Segment Start: Data records

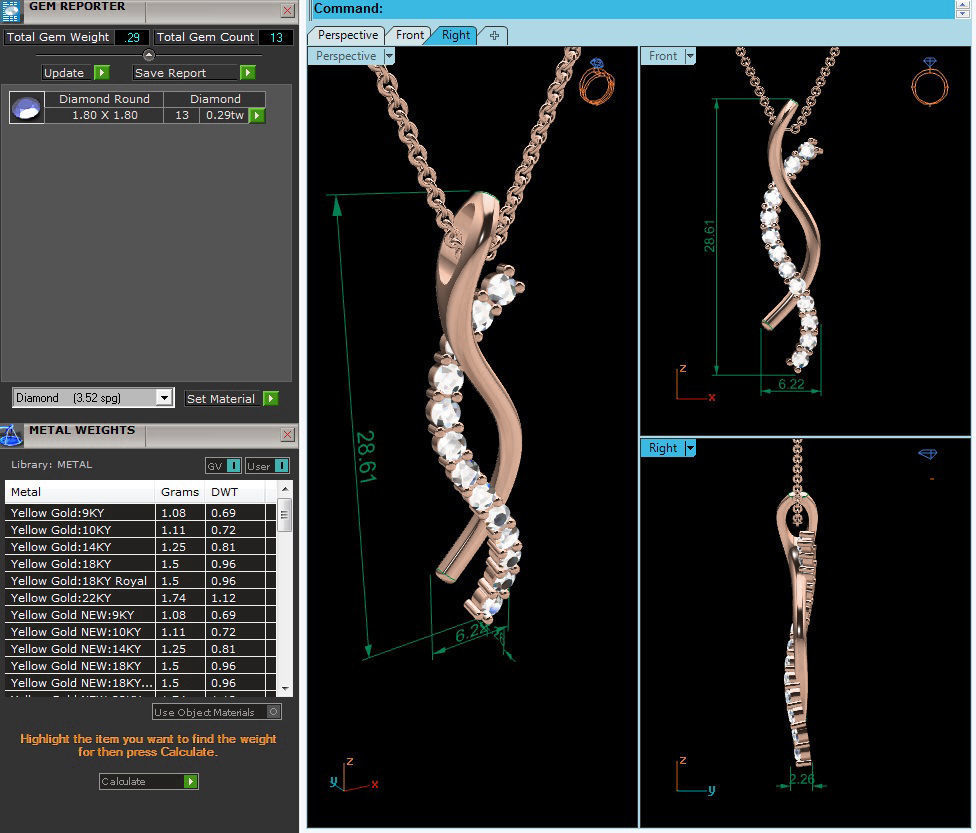 Diamond Charms Pendant 3dm render Detail 3D print model_2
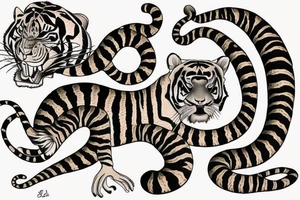 snake with a tiger, rabbit, and monkey tattoo idea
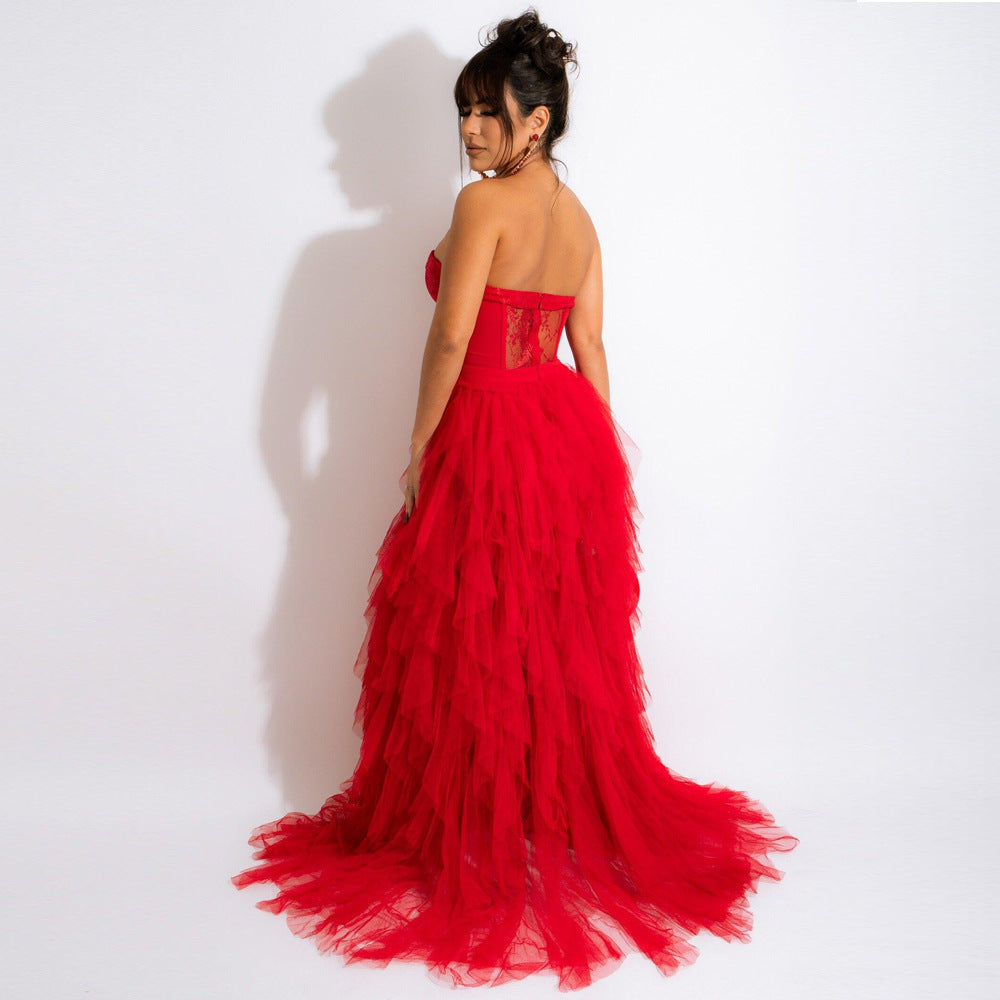 Women's Sexy See-Through Mesh Lace Chest-Wrapped Dress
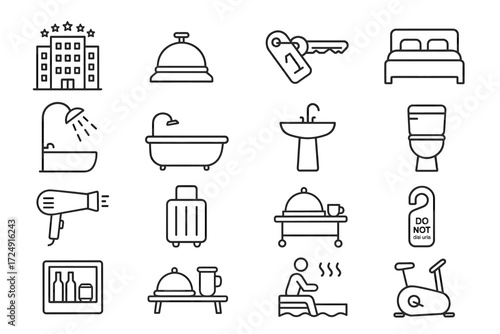 Hotel amenities line icons set with bell, bed, shower, and more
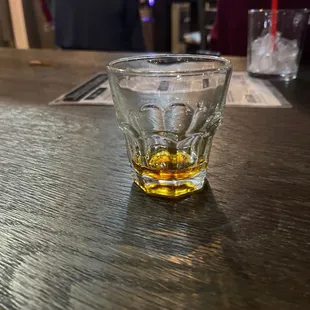 a glass of whiskey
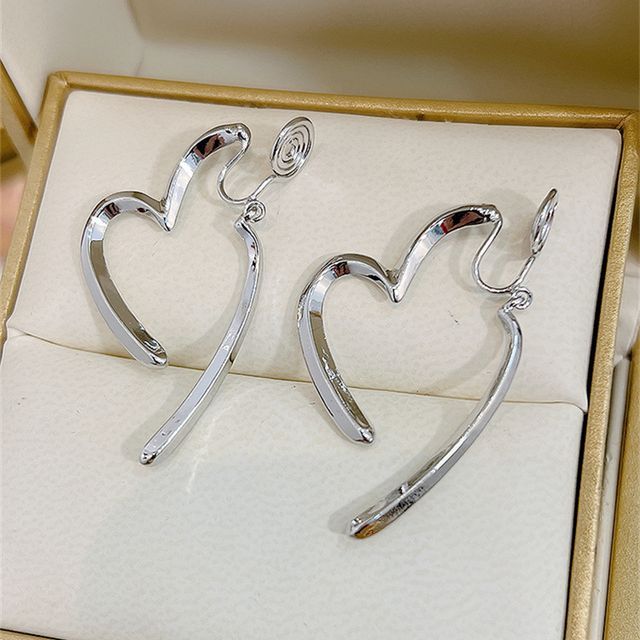 Heart Earring Alloy Through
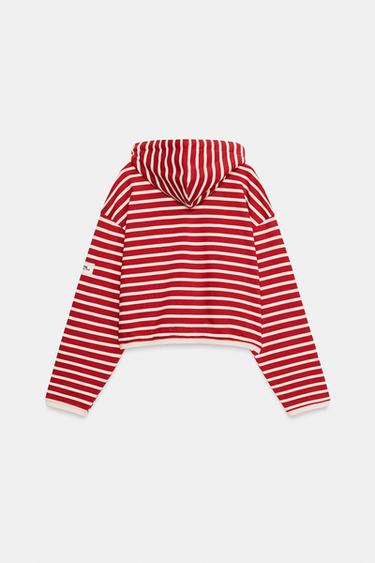 Zara STRIPED COTTON CROP HOODIE - White / Red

Segment End: Data records

Set down the records precisely as they appear. Any picture stays out.

 Diamond Charms Pendant 3dm render Detail 3D print model_2
 snake with a tiger, rabbit, and monkey tattoo idea
 Women's Sexy See-Through Mesh Lace Chest-Wrapped Dress
 Hotel amenities line icons set with bell, bed, shower, and more
 a glass of whiskey
 Heart Earring Alloy Through
 Zara STRIPED COTTON CROP HOODIE - White / Red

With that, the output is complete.